Summary of the Invention

Accordingly, the invention provides a method of generating a result of a racing game having a plurality of participants to enable fixed odds betting on the racing game, the result being generated from at least part of the result of an identifier selection game, the method comprising: allocating a unique result label to each result in a set of possible results obtained from at least part of a subset of identifiers selected from a set of identifiers in an identifier selection game so that there is a set of result labels; determining the permutations of finishing order for the participants in the race required to produce a result of the race and the odds of each permutation; dividing the set of result labels to produce subsets of result labels for each permutation which correspond in size to the relative odds of each permutation; running said identifier selection game; determining an outcome result label from said at least part of the result of said identifier draw game; and determining the result of the racing game by determining the permutation to which the outcome result label corresponds . The size of the part of the subset of identifiers used is typically determined by the size of the set and the desired error in the return to player. The larger part of the subset, the less the error in the return to player.

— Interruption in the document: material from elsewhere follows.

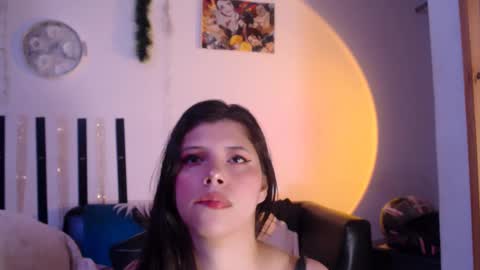 Snapshot of cutehaome chatting on 11-23-25, 05:07 haome online show from 11-23-25, 05:07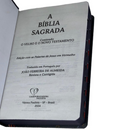 Bíblia Leão Jardim Letra Gigante Capa Dura Com Harpa E Índice Feminina Arc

In one embodiment, the result of the race is the positions of the first three place getters. In one embodiment, there are twelve participants and hence 1320 possible permutations. The odds of each permutation are determined from the odds offered for each participant.

In one embodiment, the step of allocating a unique result label to each result comprises providing an algorithm which maps each possible result to a unique result identity. In this embodiment, the result labels and the identifiers are numbers. For example, as in the game of Keno where a subset of twenty numbers are drawn from a set of eighty numbers .

Thus, the step of determining a result label can be performed by evaluating an algorithm for a given subset of numbers .

In a preferred embodiment where the identifiers are numbers and the result labels are index numbers, the algorithm is:

Index number = [ [[ (nl-1) * (K-l) + (in2-l) ] * (K-2) + (in3-

1) ]*(K-3)+ ... ]*(K-N+1) + (xnN-1)

where: K = number of numbers in the draw; N = number of numbers drawn; nj = the jth number drawn; i j = the index of the jth drawn number, determined by how many numbers into a sequence of numbers consisting of numbers which were not drawn before the jth number the jth number is. The invention also provides apparatus for generating a result of a racing game having a plurality of participants to enable fixed odds betting on the racing game, the apparatus comprising: a processor configured to: process at least part of a subset of identifiers selected in an identifier selection game to determine an outcome result label from a set of unique result labels corresponding to respective ones a set of possible results derivable from said at least part of a subset; and determine a result of said racing game by determining to which one of a plurality of subsets of the set result labels said outcome result label belongs, each subset corresponding to a permutation of finishing order for participants in the racing game required to produce a result and being formed by dividing the set of result labels into subsets for each permutation which corresponding in size to the relative odds of each permutation, thereby determining to which permutation the outcome result label belongs .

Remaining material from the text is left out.